Found this on twitter. Feels about right, although others may disagree.
(Edited slightly, to remove some potentially offensive language )
I'll tell you this one right now.
Most companies are breathtakingly inefficient.
Because no one gets fired for doing what "we have always done".
Because middle managers hate engineers, and most their interactions with them are for the purpose of micromanaging them or emphasizing their own status.
Because three hour meetings including everyone they can think of allow nonproductive people to look busy.
Because c-suite executives couldn't inspire an autistic nine year old boy to talk about trains.
This results in companies that are process-oriented, rather than result-oriented.
The purpose of a process-oriented culture is to dilute responsibility so no one can be held accountable for failure.
The only way such companies succeed is by eventually, mechanistically running out of mistakes to make, and grinding their way across the finish line.
This means that it's actually pretty easy, in principle, to make most companies far more competent and efficient .
But you have to be willing to break social rules and offend people. In other words, you have to be a sperg.
What you do is simple.
Create a culture of accountability. Every single act, every single component, every single product, every single decision, must be connected to a single name, who owns it and is accountable for it.

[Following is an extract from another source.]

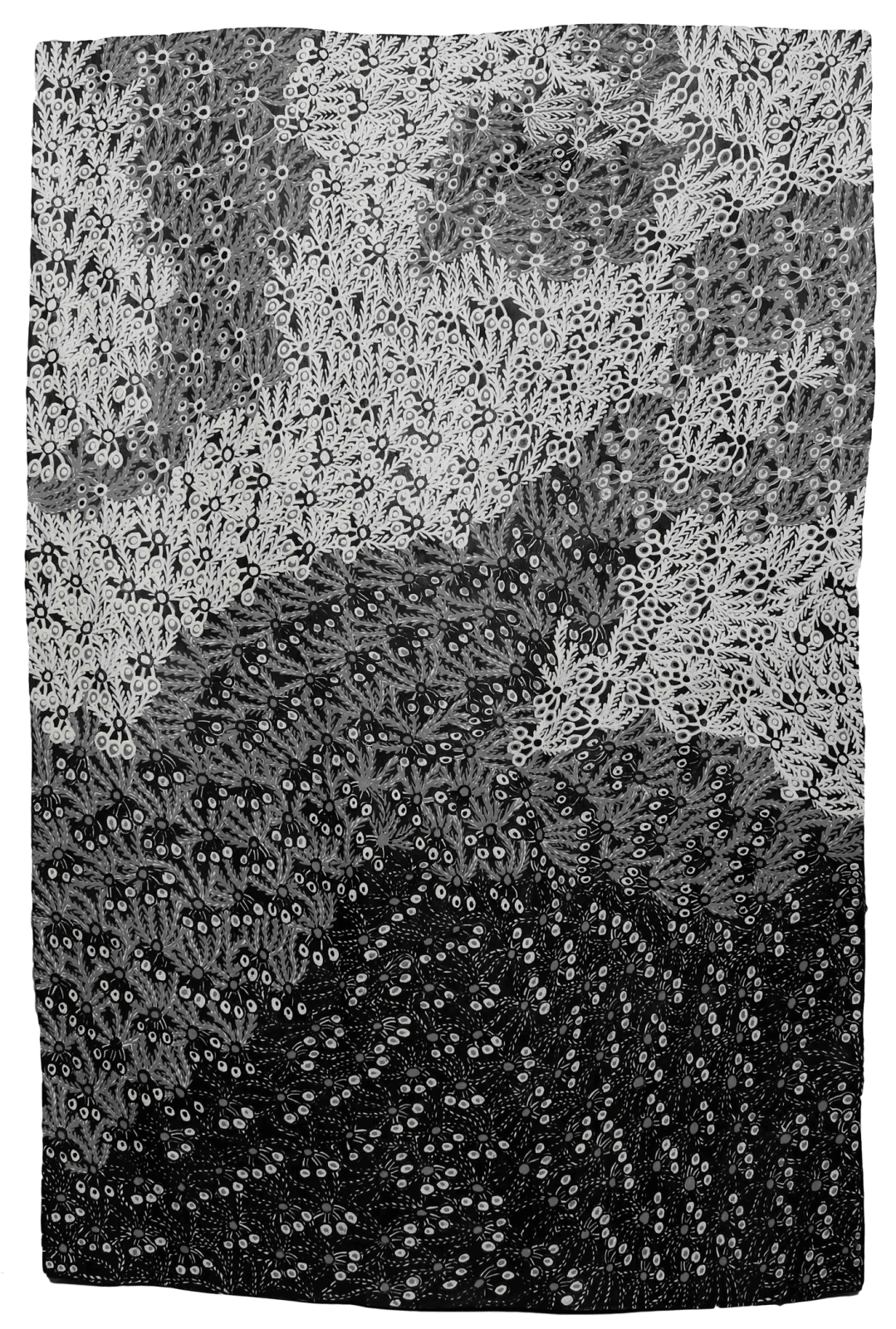 Muluymuluy Wirrpanda, Buḻwutja, 2020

Cripple meeting culture by allowing anyone to not show up, or to walk out at any time, if they deem their presence unnecessary. Most meetings serve no purpose other than to dilute responsibility by artificially adding consensus to what should be an individual decision.
Eliminate any role which doesn't directly and obviously contribute.
Focus on results, and remove anyone who plays it safe instead of pushing forward. But never punish failure, if the failure resulted from a reasonable decision that turned out to be wrong. Failure is inevitable. Learning from failure is what brings success.
Don't allow HR to have any power in hiring decisions. Their job is to handle payroll, benefits, sick leave, and paperwork, and that's it. They shouldn't even be allowed to talk to candidates before they are hired.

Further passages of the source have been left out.